Training data quality. Too many hotels fail training. Some of the failure traces back to bespoke feature generation in the elasticity model rather than standardized pipelines. A categorized failure analysis (missing bookings vs. missing rate push vs. infrastructure errors) would clarify which failures are data problems and which are pipeline problems.

Group data in the data lake. Group quotation data lives in MongoDB with no export pipeline to Athena. Data engineering needs to build the pipeline so we can use group data for modeling.

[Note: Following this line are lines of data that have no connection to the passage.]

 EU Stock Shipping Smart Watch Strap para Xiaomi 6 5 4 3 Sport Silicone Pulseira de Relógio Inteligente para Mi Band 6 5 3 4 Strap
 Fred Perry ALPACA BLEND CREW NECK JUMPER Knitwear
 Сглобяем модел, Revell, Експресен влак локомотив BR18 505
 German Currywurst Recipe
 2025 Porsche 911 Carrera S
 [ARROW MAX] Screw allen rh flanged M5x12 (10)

Sellable capacity (blocks + wash). Missing data that blocks both group pricing and forecasting accuracy. The optimizer prices assuming full capacity when blocks exist.


Experimentation Strategy

The roadmap is the experiment sequence. Each initiative is a hypothesis with a timeline and a decision gate. The plan isn't "build feature X by date Y." The plan is "test hypothesis X by date Y, and if it works, proceed to Z."

Infrastructure that enables this: - Stay-date level experimentation, so each hotel serves as its own control - Eppo integration for all experiments, scaling our ability to run concurrent tests - Standard evaluation pipelines, not bespoke analysis per experiment - Power analysis as a standard step (straightforward with current AI workflows)


Simulation and RL

The simulation environment serves three purposes, in order of near-term to long-term value:

Model evaluation and regression testing. Before any pricing model goes live, run it through the simulator against a battery of demand scenarios. Catches edge cases that backtesting on historical data misses.

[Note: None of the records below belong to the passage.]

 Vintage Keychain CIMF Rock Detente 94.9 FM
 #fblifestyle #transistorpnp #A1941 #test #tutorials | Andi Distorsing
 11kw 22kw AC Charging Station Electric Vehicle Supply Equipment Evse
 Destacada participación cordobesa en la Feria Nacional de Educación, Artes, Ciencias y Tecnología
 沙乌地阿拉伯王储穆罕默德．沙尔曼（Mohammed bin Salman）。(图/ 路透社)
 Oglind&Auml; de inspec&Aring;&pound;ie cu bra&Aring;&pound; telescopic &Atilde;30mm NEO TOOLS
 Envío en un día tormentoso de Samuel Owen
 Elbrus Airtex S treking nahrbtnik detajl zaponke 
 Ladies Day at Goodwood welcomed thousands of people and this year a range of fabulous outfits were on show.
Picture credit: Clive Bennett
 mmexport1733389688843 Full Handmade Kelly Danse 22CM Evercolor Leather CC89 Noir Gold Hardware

What-if scenario tool. Ground the simulation in a specific hotel's data. Run scenarios: "what if I change the price to X?" and see projected outcomes across thousands of simulated booking paths. Monte Carlo simulation for hotel pricing.

RL training data. Synthetic demand curves for pre-training a foundation pricing model. Domain randomization creates diverse training environments. The foundation model learns general pricing dynamics, then fine-tunes to specific hotels with real data.

RL workstreams

  1. RL as optimizer (current priority: train on DML demand curves, deploy as inference)
  2. Simulation grounding (align simulated booking curves with real hotel data)
  3. Data augmentation (simulate rare scenarios to improve offline RL)
  4. Full simulation pre-training + per-hotel fine-tuning (long-term)
  5. Pipeline infrastructure (training jobs, inference jobs, evaluation at scale)

Risks

Resourcing

  • Mila departed (lead transient DS). Shane absorbing combined pipeline.
  • Yancy pulled to memory incident. Forecasting decoupling blocked.
  • Multiple departures in Feb. Domain knowledge gaps across the team.
  • VP of Data Science hiring in progress. Timeline unknown.

Technical

  • Training failures block the path to full hotel coverage. Needs categorized analysis.
  • Batch-only optimizer is a regression from Pricerator's 3x/day updates.
  • Sellable capacity data blocked. Impacts group pricing and forecasting.

Sujoy, Anoushka, Rohit: your turn. Add to it. Challenge it. Keep it alive.